Liz Hall-Downs: Thom, you're a very well-known figure in Australia, especially on the Melbourne scene, after 20 years spent running Street Poetry venues. Can you comment on the philosophy behind 'Street Poetry', and say a little about its beginnings and how the movement has impacted (or not) on OzLit? 

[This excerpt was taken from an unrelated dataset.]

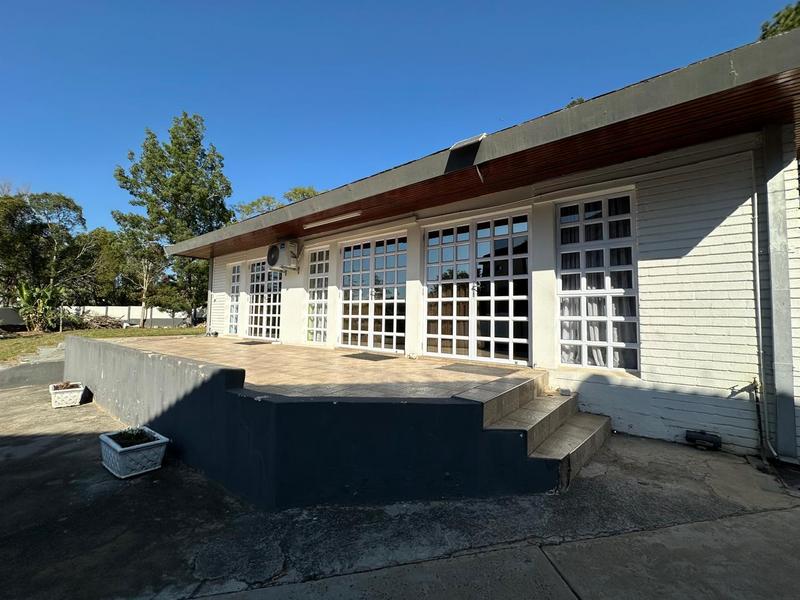 To Let Commercial Property for Rent in Mthata Eastern Cape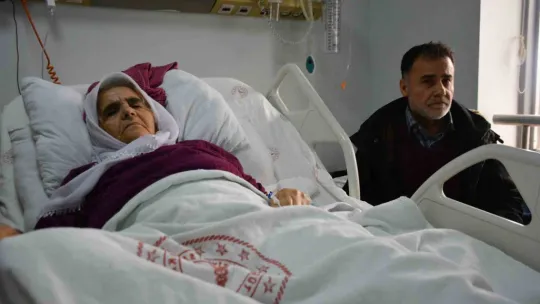 Enkazdan çıkarıldı: 'Kurtulduğumuza sevinemiyoruz' dedi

Thom: Street Poetry is premised upon the idea that poetry belongs to EVERYBODY-that poetry is a living, breathing art form and not just a museum of antiquities - and that access to poetry can and should be universal and a positive experience for all who choose it. In terms of impact-open mikes still flourish in Melbourne more than in any other Australian city - and independent publishing is acknowledged as a solution to the impasse of publishers who spend time NOT publishing poetry! Certain Street Poets are still active - Bridh Hancock, Ken Smeaton, Pamela Sidney - and a new generation of feral poets are simmering in Melbourne coffee shops and even inner city pubs. Street Poetry had theatres (Living Room Theatre, Carringbush Theatre), Coffee Shops (e.g. Parachute, Raglan Cafe, New Commune, Cafe Jammin), and even pubs (e.g. Rochester Castle, Provincial, Albion), although we were always more an ALL AGES, ALL SEXES, ALL COMERS phenomenon - with outreach to Bendigo, Daylesford, New England (Tamworth), Sydney, Adelaide , Geelong and anywhere Street Poetry was possible. Certain heroes are remembered: Zonk! (who joined the Krishnas - "better food, more money"); Dr Rod Bretherton (RU486 advocate), Stuart MacDonald (Geelong Street Poets); Alicia Stammers (Women's Street Poetry), Anita Sinclair (Workhouse Theatre). Some have died or moved on to other pursuits-poetry was always a joy rather than a crusade-and Street Poetry remains largely a memory for the participants (and those touched by their work!) Those sheets of Street Poetry in the LaTrobe library (Victoria) under Ephemeralia (500 sheets of poetry distributed daily at the corner of Swanston and Flinders) and later 3000 at lunchtime in the Bourke Street Mall - and many many given out at rock concerts - all remembered by those who choose to.